One of the consequences of that long argument in Athens was that I returned home and picked up Christie’s novels again. There’s a lot of appalling prejudice in Christie, that’s for sure. And inevitably, for a writer who pumped out so much fiction, many of the books are uninspired. But, as I discovered in my re-reading, in her best work – such novels as Five Little Pigs, Evil Under the Sun and Mrs McGinty’s Dead – there is a canny and highly sophisticated understanding of the contradictions and complexities of character. And there is certainly wit.
Christie has been better served by television adaptations than she has by the feature films made of her work. The Translators self-righteously condemns Angstrom for profiting from the work of his writers, and of not understanding the intricacies of the moral universe that the writer of Dedalus has created. But Roinsard and his collaborators are in no position to throw stones.
Watching a bad film, like reading a bad book, is dispiriting.
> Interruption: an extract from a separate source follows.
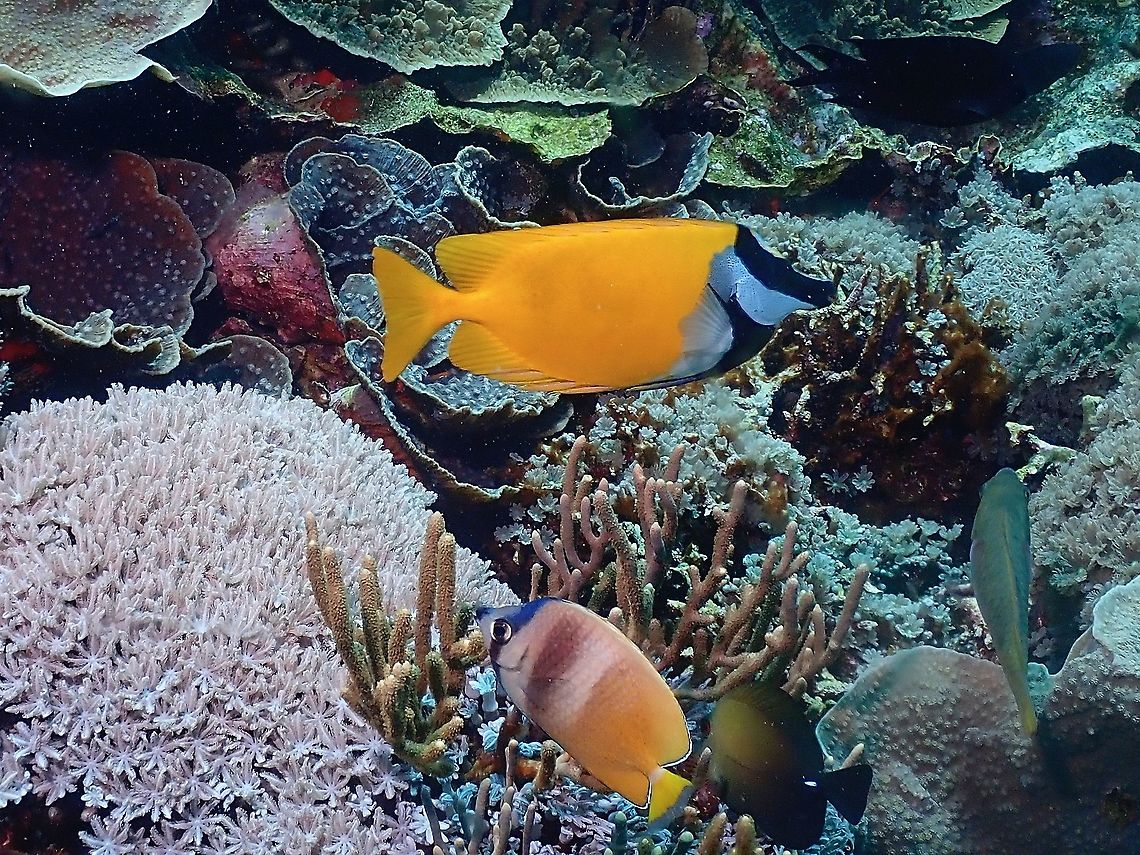 Foxface  Fish,Foxface,Foxface Rabbitfish,Indonesia,Komodo,Rabbitfish,Siganus vulpinus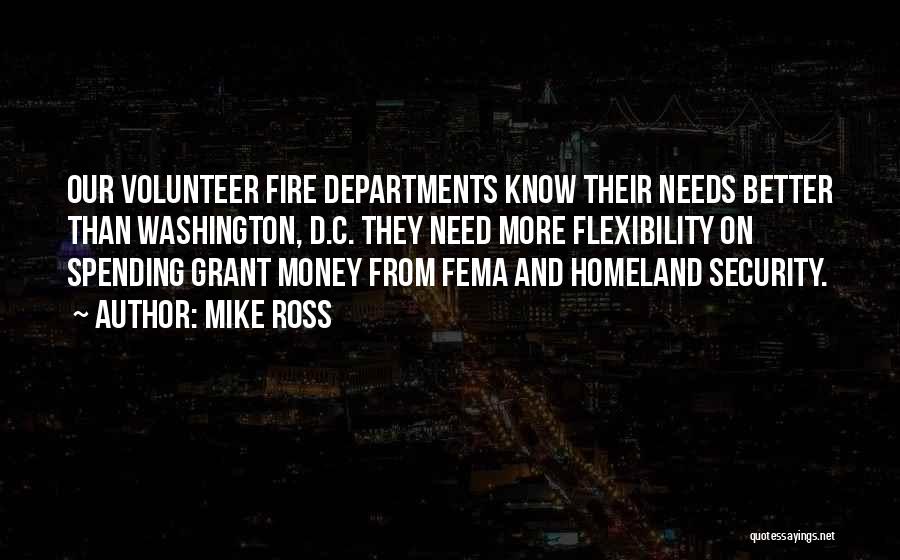 Homeland Security Quotes By Mike Ross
The temptation when it comes to a film such as The Translators is to ignore it. However, I think the smugness of these films needs to be challenged. Roinsard thinks he can sprinkle a bit of hollow anticapitalism into his movie, half-heartedly nod to the politics of diversity in his casting and have a bet each way on globalisation and the EU. But the result is as vacuous as anything he thinks he’s challenging.
In one excruciatingly written scene, the English and Russian translators bond over a shared admiration for Joyce’s Ulysses.
It doesn’t seem to have entered the heads of the scriptwriters that maybe their characters could have argued about literature – perhaps about whether Joyce or Tolstoy was the greater writer. Through such argument and intellectual play, the burgeoning romance between the two characters could be given much-needed dramatic urgency.
The references to great writers are simply preening, and underscore the filmmakers’ cynicism. They think they’re smarter than the genre they’re working in and that they’re smarter than their audience. One can only imagine the fun Christie would have had in caricaturing such pomposity.
The publicity material for the film proclaimed that it was the standout hit of the French Film Festival. Of course it was. It’s arguably a pleasant way to spend an evening, watching some handsome and beautiful faces, without having a single prejudice or belief challenged. The film doesn’t take any risks. I forecast a long life for it on SBS On Demand.
The irony is, of course, that the work that Angstrom is so desperate to protect, and his translators are equally anxious to release into the world, is titled Dedalus. In that still-potent ancient Greek myth, the seeker, Daedalus, created wings so he and his son Icarus could fly like the gods. But Icarus flew too close to the sun and the wax melted, and in horror Daedalus watched his son plummet to earth.
The myth stands as a warning to artists about ambition and risk-taking. Yet watching tepid, safe films such as The Translators is a reminder that there are worse things than wanting to touch the sun.